Colaboración de Vertiv
– Las nuevas tendencias tecnológicas están impulsadas por las fuerzas macroeconómicas que transforman la industria de los centros de datos, desde la densificación extrema hasta la capacidad a escala de gigavatios.
– Entre ellas destacan la autonomía energética, la adopción de refrigeración líquida y las nuevas arquitecturas de alimentación.
– De acuerdo con Martin Olsen, vicepresidente de Estrategia y Despliegue de Segmentos en Vertiv, y Jim McGregor, fundador y analista principal de TIRIAS Research, la inteligencia artificial impulsa una demanda que sigue creciendo, mientras la industria enfrenta nuevos desafíos relacionados con la densidad de los centros de datos.
– Olsen explicó que hace, aproximadamente, cinco años una densidad de entre 20 y 35 kilovatios por rack era considerada muy alta y estaba generalmente reservada para proveedores de hiperescala y algunos de los mayores proveedores de colocación mayorista.
– Actualmente, la industria ha pasado rápidamente a los 80 y posteriormente a los 130 kilovatios. Ahora se opera a 140 kilovatios por rack y, con la generación Vera Rubin anunciada por NVIDIA, se llegará directamente a los 240 o 250 kilovatios por rack.
– McGregor señaló que la densificación de la computación impacta a toda la industria, desde los dispositivos móviles hasta la nube.
– Explicó que, hace dos años, se hablaba de un módulo de cinco kilovatios que incluía GPU, CPU, memoria y red; posteriormente, en un año, esa cifra pasó a 35 kilovatios por módulo y ahora probablemente se está hablando de 100 kilovatios por módulo.

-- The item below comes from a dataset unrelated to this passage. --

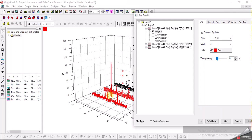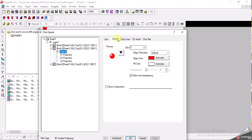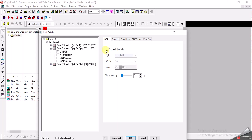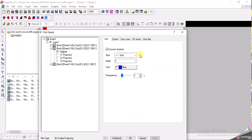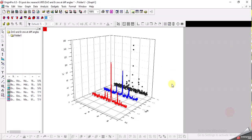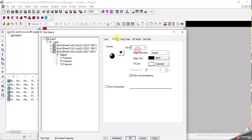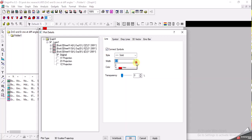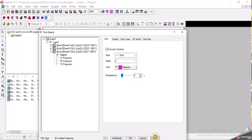Now it's changed to line format. I also want to change the other two graphs. I click on Plot Details for the second one, make the symbol size 0, increase the line thickness, and change the color to blue. Apply. For the third line, the black one, I go to Plot Details, make the symbol 0, change the thickness to 4, and set the color to magenta. Apply.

– Este crecimiento plantea nuevos desafíos para la industria, particularmente en materia de disipación térmica. Entre las soluciones que se analizan se encuentra la refrigeración por inmersión, aunque McGregor considera que la refrigeración directa al chip podría ser una mejor alternativa.

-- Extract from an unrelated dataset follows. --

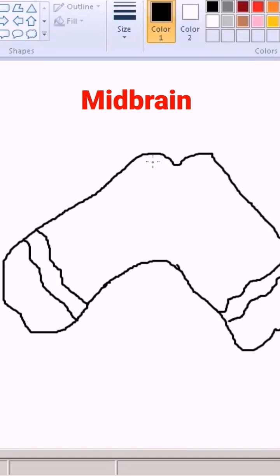While the two bulges at the back, just make two oval structures and we'll label them as the inferior colliculus. Let's start labeling this.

– También indicó que la industria evalúa otras opciones, incluyendo el uso de soluciones químicas como nitrógeno líquido y el cambio de redes de cobre a fibra óptica.
– Otro de los cambios identificados es el paso de un diseño centrado en el procesador hacia un pensamiento de pila completa, que contempla GPU, red, almacenamiento, así como infraestructura de energía y refrigeración.

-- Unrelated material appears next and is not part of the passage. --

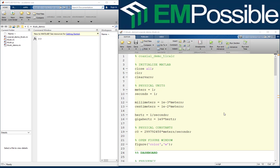Hello and welcome to the third video in this MATLAB series in which we build and analyze transmission lines using the TL-Calc function. In this video we will learn how to build and analyze a parallel plate transmission line. Since this is the third video in this series, I assume you are already familiar with the TL-Calc function, how to build geometry arrays in MATLAB, and that you are also familiar with transmission line theory. Let's begin.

– Para Olsen, un procesador GPU por sí mismo es únicamente un componente electrónico: necesita memoria, conectividad, software y aplicaciones para funcionar. Desde esta perspectiva, Vertiv ha trabajado en una arquitectura que diseña conjuntamente el sistema de alimentación y la cadena térmica, desde la red eléctrica hasta el chip y desde el chip hasta la reutilización del calor.
– A escala de múltiples gigavatios de fábricas de IA, uno de los principales desafíos está en llevar la energía disponible en la red hasta el lugar donde se necesita. En este contexto, además de la infraestructura de transmisión y distribución, surgen nuevos actores y alternativas, entre ellas los pequeños reactores modulares (SMR).
– Olsen mencionó a Oklo como uno de los actores que entran en este espacio. A diferencia de los reactores nucleares de varios gigavatios, estos pequeños reactores modulares pueden entregar cientos de megavatios.
– Sin embargo, adujo que todavía existe un margen para que esta tecnología madure, particularmente en términos de preparación comercial y regulatoria.
– Así, la evolución de la inteligencia artificial impulsa cambios que abarcan desde la densidad de los racks y las tecnologías de refrigeración hasta las arquitecturas de alimentación y las alternativas para satisfacer las necesidades energéticas de los centros de datos del futuro.